Sort of. It requires human data and human trainers to extract meaning from that data. It needs humans to tell it what to value. However, the speed and scale at which it can operate is truly artificial. Not only that but it is able to identify patterns that would not have been picked up by a person.
Is AI healthcare Intelligent?
It can certainly spot patterns and make predications, both at scale and at speed. But it lacks the emotional intelligence of human carers, and empathy is critical to the healing process. It also lacks its own will and intent. It cannot decide whether to heal you, it can only do what it is programmed to do.
Is AI healthcare ethical?
It could save millions of lives and keep us all healthier for longer. But we have to manage the trade offs:
The necessary reduction in privacy needs to be tightly regulated with extensive checks and balances.
The aim should be health rather than profit, so any health service which uses AI should have democratic oversight and public funding.
We should consider an AI Hippocratic Oath or require the programmers to follow one.
But yes, it could be ethical, and that is very exciting.
If you enjoyed this article, please consider reading others in the AI ethics series.
1. AI knowledge: Is chatGPT smarter than you?
2. AI drivers: Is Tesla the going anywhere?
3. AI can see you: Facial Recognition is watching.
4. Dr. AI: The machine will heal you.
5. The bank of AI? 18/3/23
6. Algorithmic decisions – Bureaucracy of AI? 25/3/23
7. Chatbots – AI friends? 1/4/23
8. Deepfakes – AI faces? 8/4/23
9. Targeted marketing – The AI nudge? 15/4/23
10. Generative AI – The AI artist? 22/4/23
Great post yet again!
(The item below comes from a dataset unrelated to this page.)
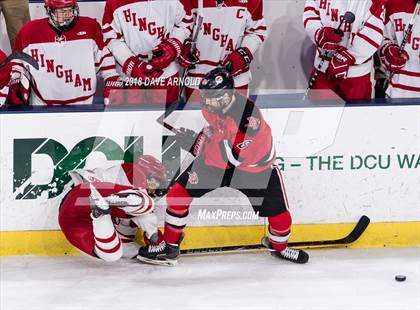 Thumbnail 3 in Hingham vs. Pope Francis (MIAA Division 1A) photogallery.
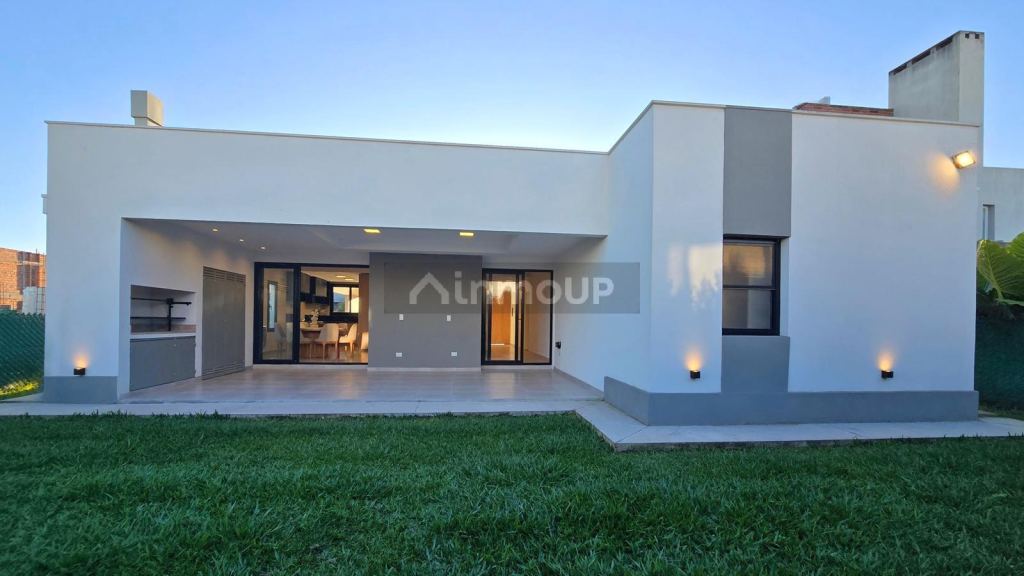 Casa en Venta en Yerba Buena, Tucuman - USD 245.000 | Inmoup - 19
Recently at a conference on The Future of Privacy there was a medical student who asked about potential collection of newborn babies genetic data to irradicate certain genetic diseases (I can't remember the details off the top of my head) and one of the speakers, a legal expert, pointed to the ethical implications of using the data of someone who cannot consent (babies in this case) and what that might mean for their futures as adults. What was most interesting to me was that the medical student spoke of this data collection as revolutionary and failed to see the possible ethical implications, whilst the speaker was immediately alarmed. I think this speaks to your point about whether programmers need to take a Hippocratic Oath and the need to make transparent what happens to the data when it is collected, what will it be used for in future etc. I think these questions need to be addressed now, particularly for future generations whose information is digitised at a young age and therefore are more at risk.